2. Subclasses must use super if their superclasses do. This is why the user of super must be well-documented. If we have to classes A and B that both use super and a class C that inherits from them, but does not know about super then we will have a problem. Consider the slightly different case


class A(object):
def __init__(self):
print "executing A().__init__"
super(A, self).__init__()

class B(object):
def __init__(self):
print "executing B().__init__"
super(B, self).__init__()

class C(A,B):
def __init__(self):
print "executing C().__init__"
A.__init__(self)
B.__init__(self)
# super(C, self).__init__()


Say class C was defined by someone who couldn't see class A and B, then they wouldn't know about super. Now if we do


In [11]: C.__mro__
Out[11]:
(<class '__main__.C'>,
<class '__main__.A'>,
<class '__main__.B'>,
<type 'object'>)

In [12]: c = C()
executing C().__init__
executing A().__init__
executing B().__init__
executing B().__init__


B got called twice, but by now this should be expected. A's super calls __init__ on the next object in the MRO which is B (it works this time unlike above because there is no parameter passed with __init__), then C explicitly calls B again.

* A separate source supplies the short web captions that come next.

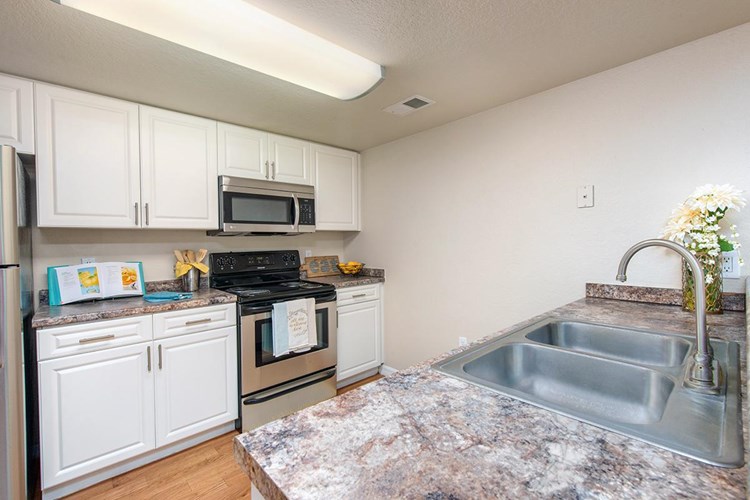 Large kitchens, fully equipped with stainless steel appliances and in-home laundry room.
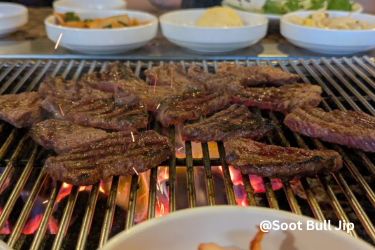 Beef ribs cooking over glowing coals on a tabletop grill, with Korean side dishes in the background at Soot Bull Jip.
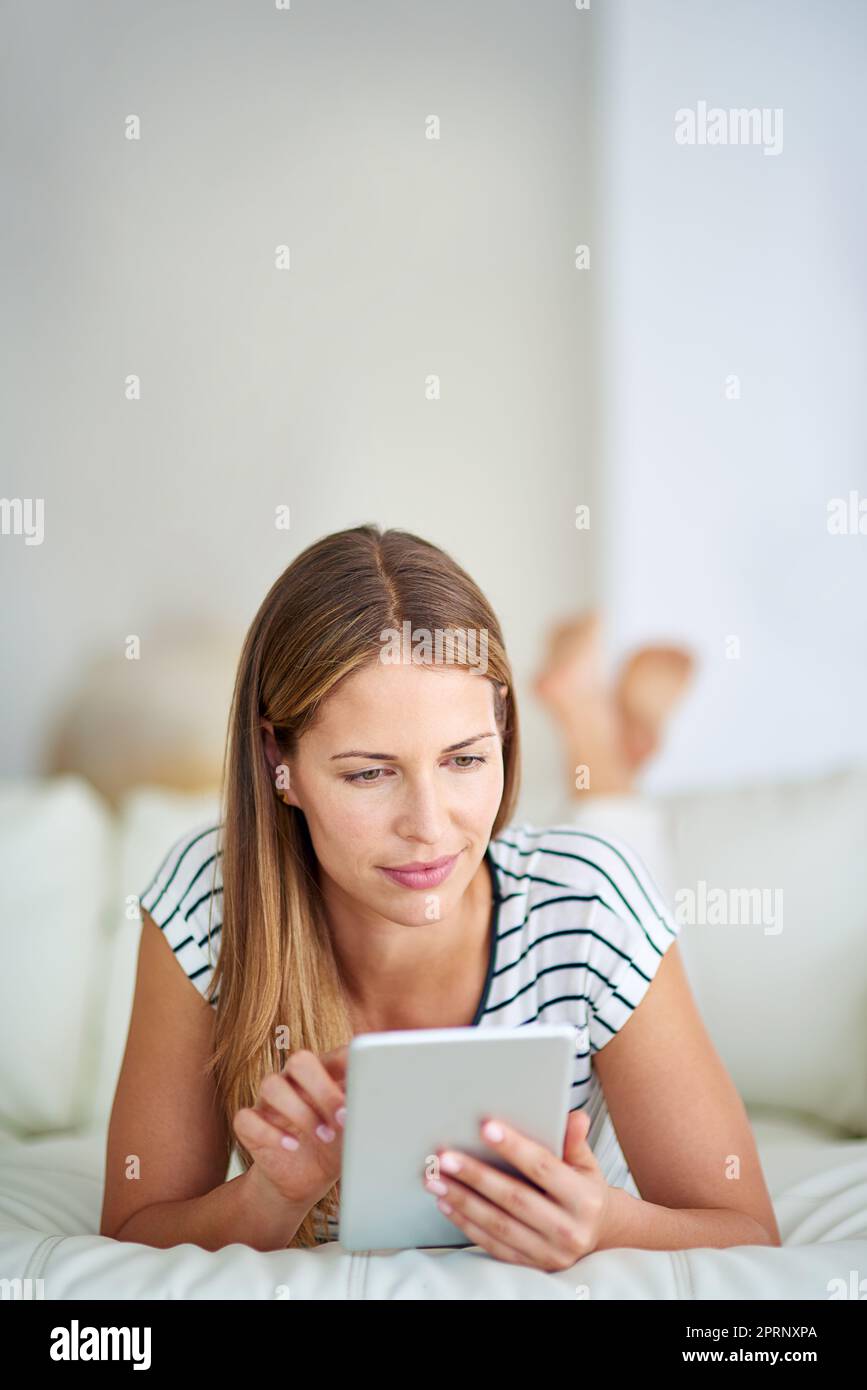 Surfen von einer bequemen Couch aus. Eine junge Frau, die zu Hause im Internet surft. Stockfoto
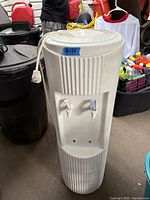 Photo of white water cooler with hot and cold water taps and power cord showing normal wear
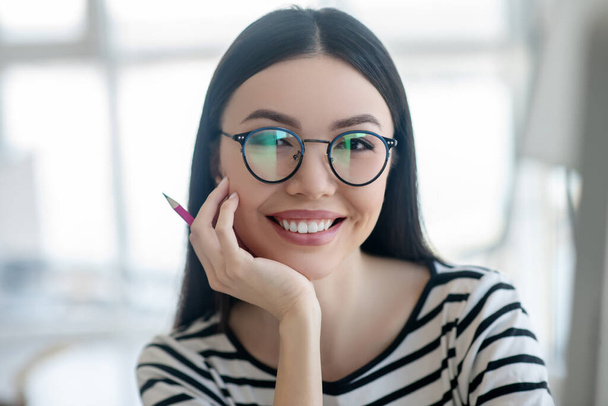 Dark-haired pretty woman in eyeglasses smiling nicely - Photo, image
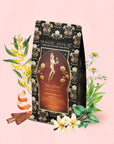 A Monthly Magic Tea Journey Subscription package is surrounded by herbs, cinnamon sticks, chamomile flowers, and vanilla on a pale pink background, evoking the sacred traditions of goddess archetypes and inviting you to create your own ritual guide.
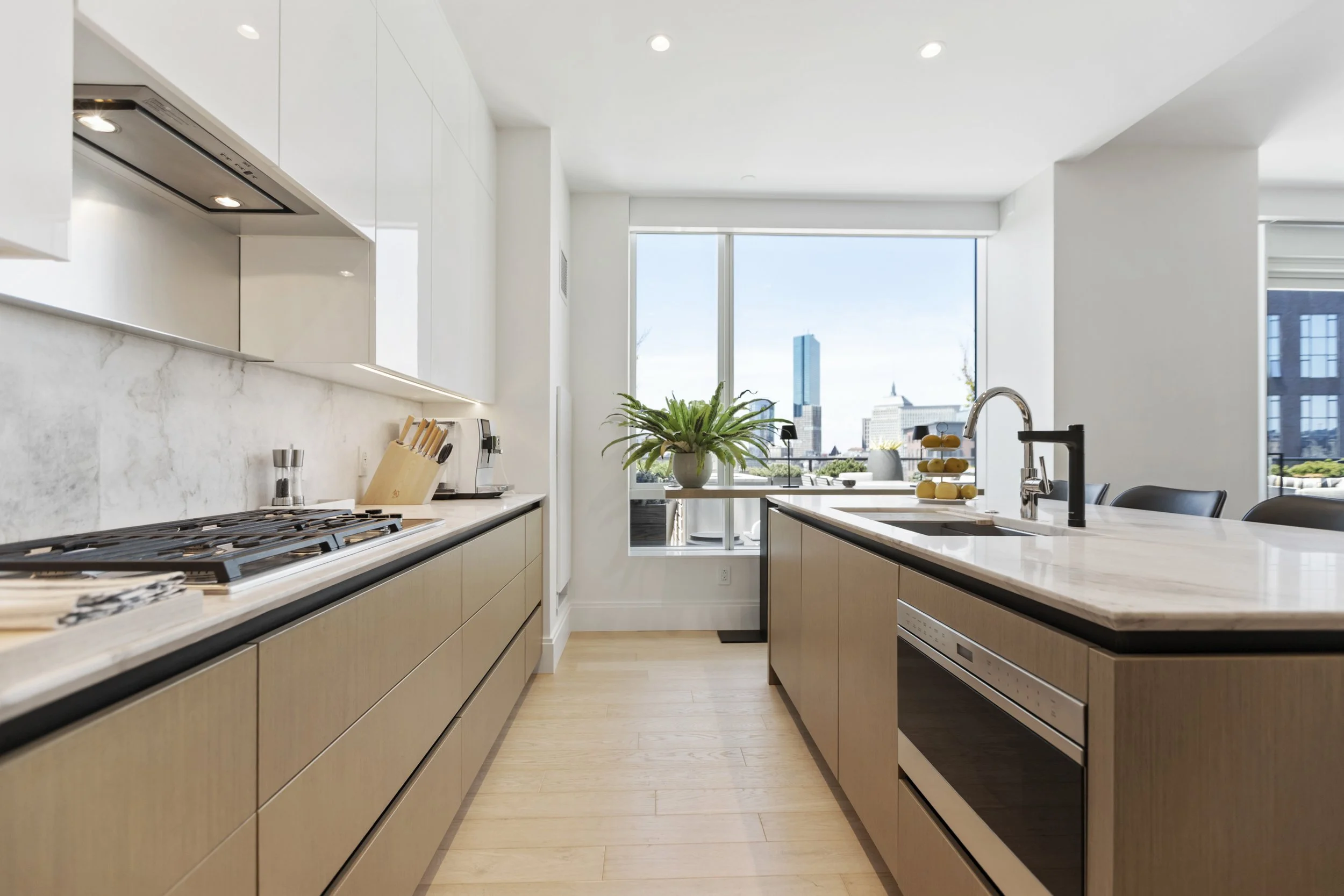 A modern kitchen with light wood cabinets, white marble countertops, a large window with a city view, and stainless steel appliances.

If we uncomment super and comment out the calls to the parent __init__ methods in C then this works as expected.

3. Superclasses probably should use super if their subclasses do.

We saw this earlier with class D's super call commented out. Note also that A does not have a call to super. The last class in the MRO does not need super *if* there is only one such class at the end.

4. Classes must have the exact same call signature.

This should be obvious but is important for people to be able to subclass. It is possible however for subclasses to add additional arguments so *args and **kwargs should be probably always be included in the methods that are accessible to subclasses.

5. Because of these last three points, the use of super must be explicitly documented, as it has become a part of the interface to our classes.